Individualized Systems Medicine (ISM) in Cancer, AML and beyond
Hundreds of drugs have either been approved or are being developed for cancer treatment, but understanding which patients respond to these drugs is a grand challenge for the research community and the physicians treating the patients, as well as for the pharmaceutical industry.
The Individualised Systems Medicine (ISM) Grand Challenge programme was established in 2010 to meet these needs as a collaborative research effort initially between FIMM and the haematology department at the Helsinki University Central Hospital Comprehensive Cancer Center. Later this effort has expanded to other departments at HUS as well as to other hospitals in Finland and elsewhere. The programme aims to improve treatment decisions and outcomes for cancer patients through sensitivity and resistance testing of patients’ tumour cells against 525 different drugs, combined with deep molecular profiling of the samples.
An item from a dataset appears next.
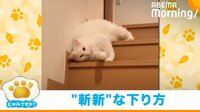 【映像】流れるように階段を下りる猫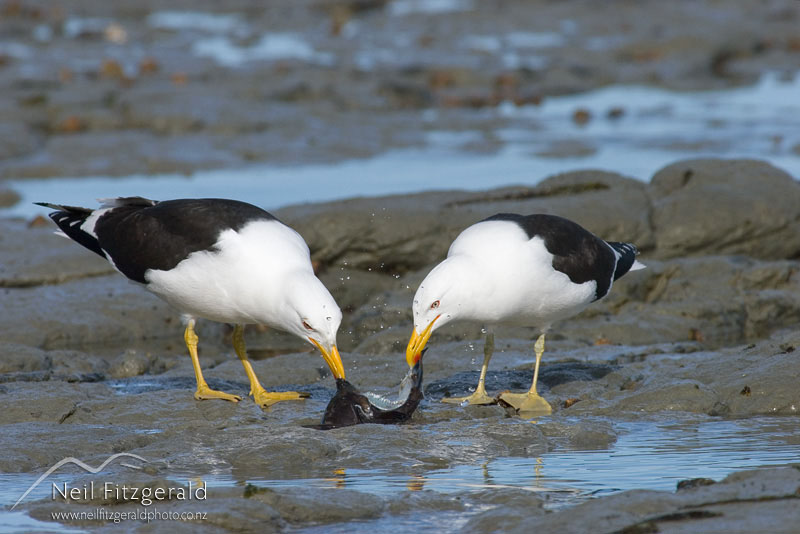 Larus-dominicanus_5315.jpg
Uniquely, the results for an individual patient are given to the treating physician who can adjust the treatment based on this individualised profiling information.
The ISM project in acute myeloid leukaemia (AML) was initiated at the same time as the foundations were being laid for the Finnish Hematology Register and Biobank (FHRB). The initial focus was on AML but the scope has expanded to include other haematological malignancies, such as multiple myeloma, and alsosolid tumors, such as urological, ovarian and lung cancer. Development of computational machine learning models to predict treatment responses is an essential part of the programme.
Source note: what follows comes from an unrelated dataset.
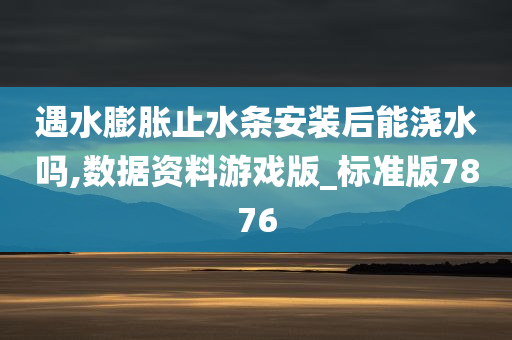 遇水膨胀止水条安装后能浇水吗,数据资料游戏版_标准版7876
The ISM projects have resulted in collaborations with many pharmaceutical companies. By working together on patient-derived material, it will be possible to reposition existing drugs to new indications, as well as to better prioritise new pre-clinical leads for drug development. These types of collaborative studies with the clinic have made FIMM an attractive partner for research and development projects.The ISM projects attract international attention and promote FIMM and Finland to the global forefront of precision medicine research.
FIMM Research Groups involved in this Grand Challenge:
FIMM Senior Researchers involved in this Grand Challenge:
FIMM TC Units and Biobanking Infrastructure involved in this Grand Challenge:
ISM is our new concept that combines multiple levels of medical, technological, scientific, and strategic aspects to practice translational cancer medicine as follows:
- Focus on individual patients: We will seek to understand and interpret the unique genomic and molecular profile of the disease in each individual patient.
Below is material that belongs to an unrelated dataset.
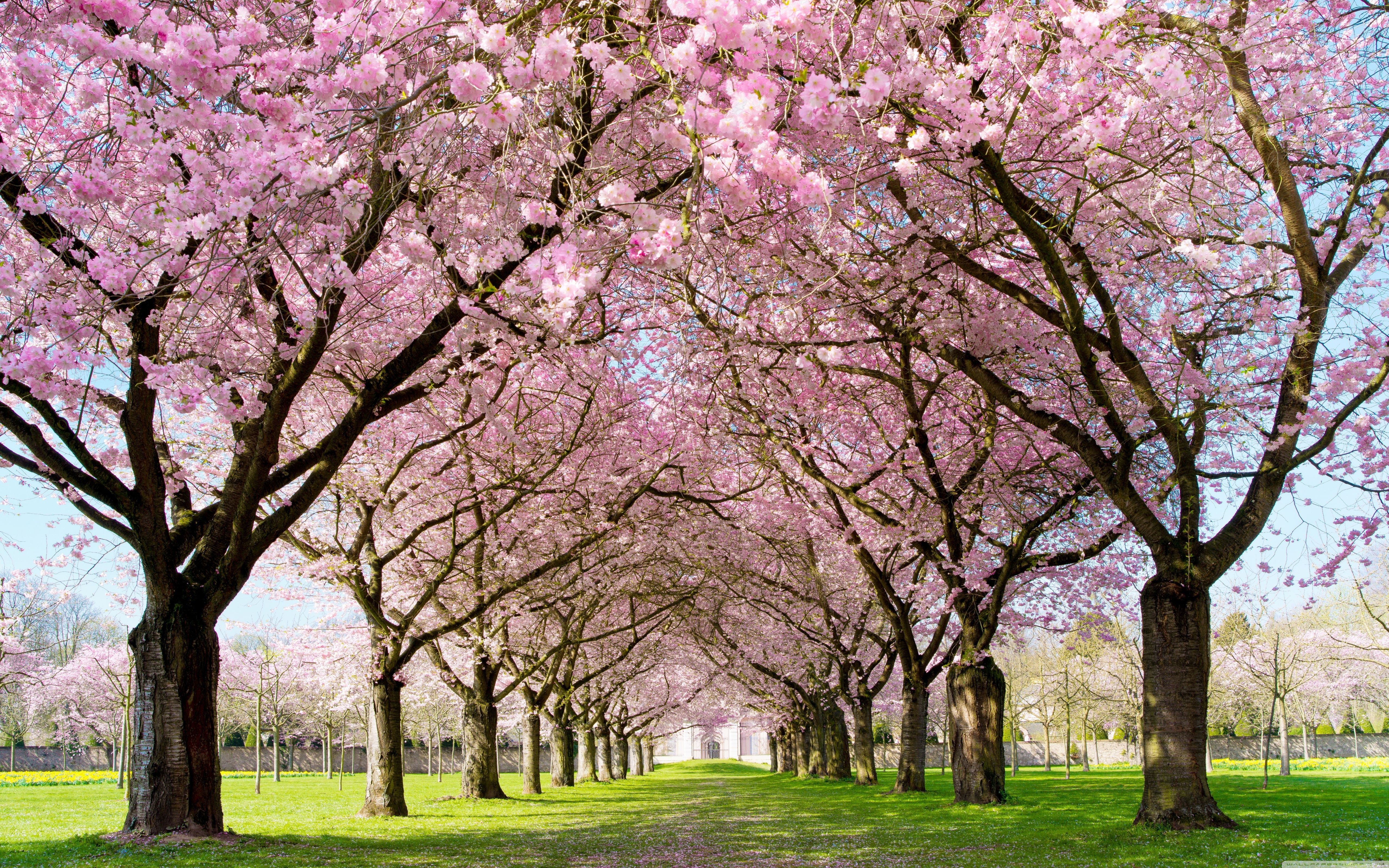 Park Spring Wallpapers Wallpaper Cave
- Direct prediction of response to all drugs: Functional, large-scale drug response data are acquired from ex vivo primary culture of cancer cells from all patients.
- Real-time science: Biobanking, profiling, analysis, and interpretation of each case in 1-4 weeks, with feedback to the clinician. Scientists work in parallel with clinical developments.
- Consecutive sampling from different stages of cancer evolution: Deep understanding of mechanisms of drug resistance and cancer evolution for each patient.
- Integration of in vivo, ex vivo and in vitro data: Model systems will be designed to understand mechanisms and causalities, such as drug combinations, based on ex vivo data from patient samples. Thus patient samples and models are compared to one another.
- Implementation: Patient consent and ethical permission allow implementation of actionable results in the clinic by physician’s discretion when no other therapy options exist.
- Aiming at strategic drug combinations: Identify synergistic drug regimens blocking multiple cancer subclones and “escape routes” for cancer cells.
- Systems medicine: Continuous circle of (re)analysis and improving models and understanding: learning from each patient and each consecutive sample.
- Aiming to design clinical trials: based on validated results across patients and model systems, building on mechanistic understanding and biomarkers for patient selection.